ENGLISH: "It's a rough estimate they've made, and in any case you can't manufacture tens of thousands of houses out of fresh air. The construction industry's been building up fast, in Auckland they built 10,000 houses last year."
GARNER: "Which is still short though, isn't it? Building 10,000 a year is not the 13,000 or 15,000 that you need, and it's not the 17,000 the Auckland Accord wanted, so you're still miles short."
ENGLISH: "I wouldn't say it's miles short, but look, it's building up from a lot less than that. As I said, across the country we've got the largest construction pipeline we've ever had after five years of strong growth, and it's going to keep growing and it's the right answer."
GARNER: "If it's not 60,000, which ANZ have put a figure on, which you got as Finance Minister, what is it if it's not 60,000?"
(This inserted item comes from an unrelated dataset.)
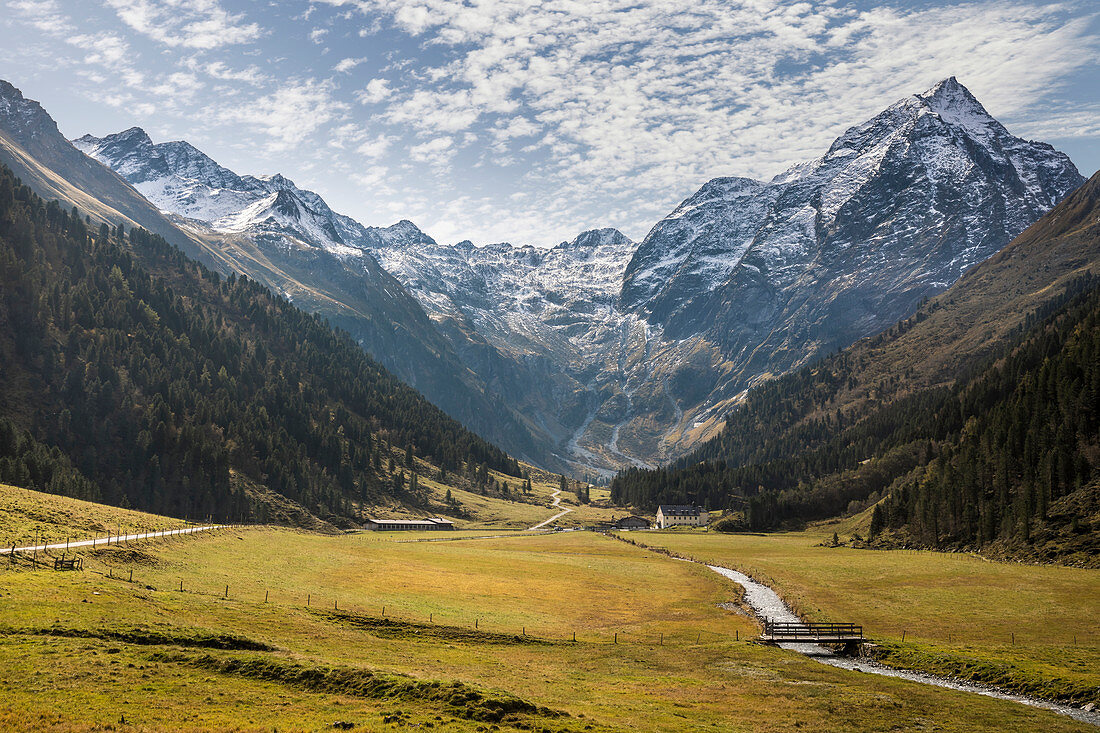 Lüsenstal mit Lüsener Fernerkogel (3.299 m), St. Sigmund im Sellrain, Stubaier Alpen , Tirol, Österreich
ENGLISH: "I don't know exactly what the best estimate would be. What will tell us a bit is the prices. There are some signs of cooling in the prices - we're yet to see if that continues through the year. But either way, the answer to high prices is build more houses."
GARNER: "And you're not building enough - that's 60,000 short, and whether it's 40,000 or 50,000 or whatever number you want to pick up on, prices will stay high because you're still short. You've been in office eight years, heading into your ninth year, and you're still short."
ENGLISH: "Well as I said, it's been building up from a pretty low base in 2009, 2010. You might remember there was a recession back then. Everyone stopped building houses because the economy, then it's had to pick up - all the rules have changed around the councils, there's eight or 10 major initiatives that have gone into the current momentum which sees us building the 10,000 in Auckland, there will be 30,000 across the country, and it's going to keep going."
Statistics NZ figures show 9930 homes were consented in 2016, up 7 percent on 2015 - but just because a home is consented, doesn't mean it's built.
Statistics also show the number of apartments consented decreased - but it's apartments and other medium- to high-density housing New Zealand wants and needs, according to Labour.
Auckland in particular needs affordable housing - but fewer than 500 a year consented in the city fall into that category, Labour says.
As of October last year, only 18 affordable houses had been built across the city's 154 special housing areas, out of 1400.
The average price of a home in Auckland according to Quotable Value is just over $1 million, up 72 percent in just four years.